Young people living with long-term medical conditions growing into adulthood face significant challenges inherent in the necessary new-found autonomy and unprecedented responsibility for their health along with understanding the interfaces with adult health services. Data from the United Kingdom has found that amongst people living with Sickle cell disease (SCD), young adults aged 20-29 years have the highest rates of emergency hospital admissions. This is associated with a significant increase in mortality amongst patients with SCD of this age group.
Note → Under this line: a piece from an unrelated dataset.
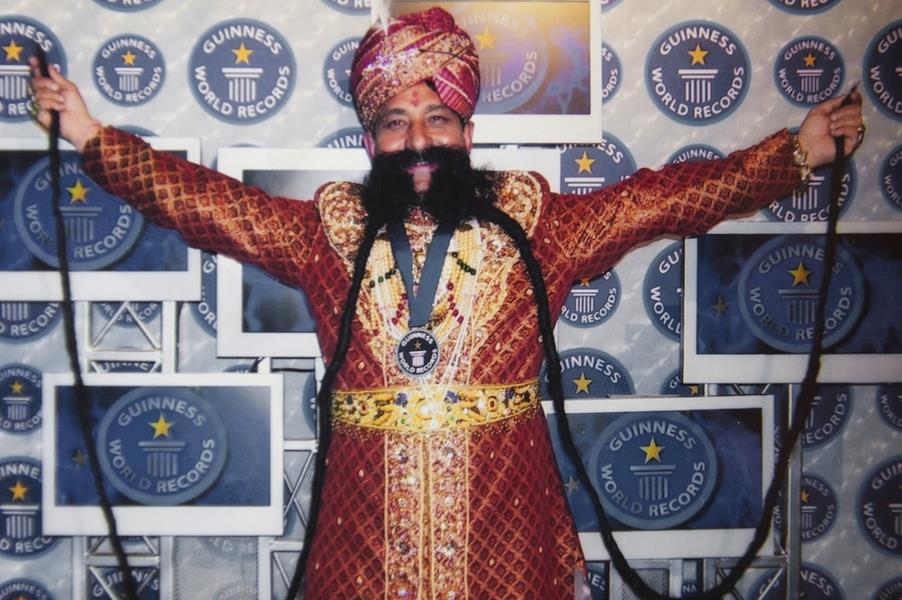 هندي لم يحلق شاربه منذ 32 عاماً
It is well recognized that those who don't understand health information are less likely to seek out healthcare support appropriately and are more likely to have significant ill-health. Furnishing young people with the skills to improve their health literacy is therefore the cornerstone of any transition preparedness programme. Ready Steady Go (RSG) is a UK National Institute of Health and Care Excellence (NICE) endorsed generic transition programme that may be used to support children with long-term conditions. It comprehensively addresses the full range of issues for good transition and facilitates discussion in greater depth of any areas of need to support young people with chronic medical conditions so that they might more effectively manage the needs of their medical condition and navigate entry into adult life with confidence.

Data were compared between responses of 147 young people with chronic conditions transitioning to adult care at each of the Ready, Steady and Go timepoints. Age-appropriate questionnaires were offered as part of routine patient care and 4451 unique responses to each of the questions on the age-appropriate RSG questionnaires were obtained including responses related to knowledge and understanding of the condition, its treatment and the composition of the healthcare team, capacity for self-advocacy, assessment of understanding of general adolescent health issues including sexual health, exercise and diet, educational, independence and vocational domains, psychosocial aspects and the understanding of the concept of transitional care. Experience using these questionnaires in clinical practice has taught us that often the questions not answered are at least as informative as those answered as 'need more help' and are often areas with the highest need so we elected to include questions without a response in our evaluation.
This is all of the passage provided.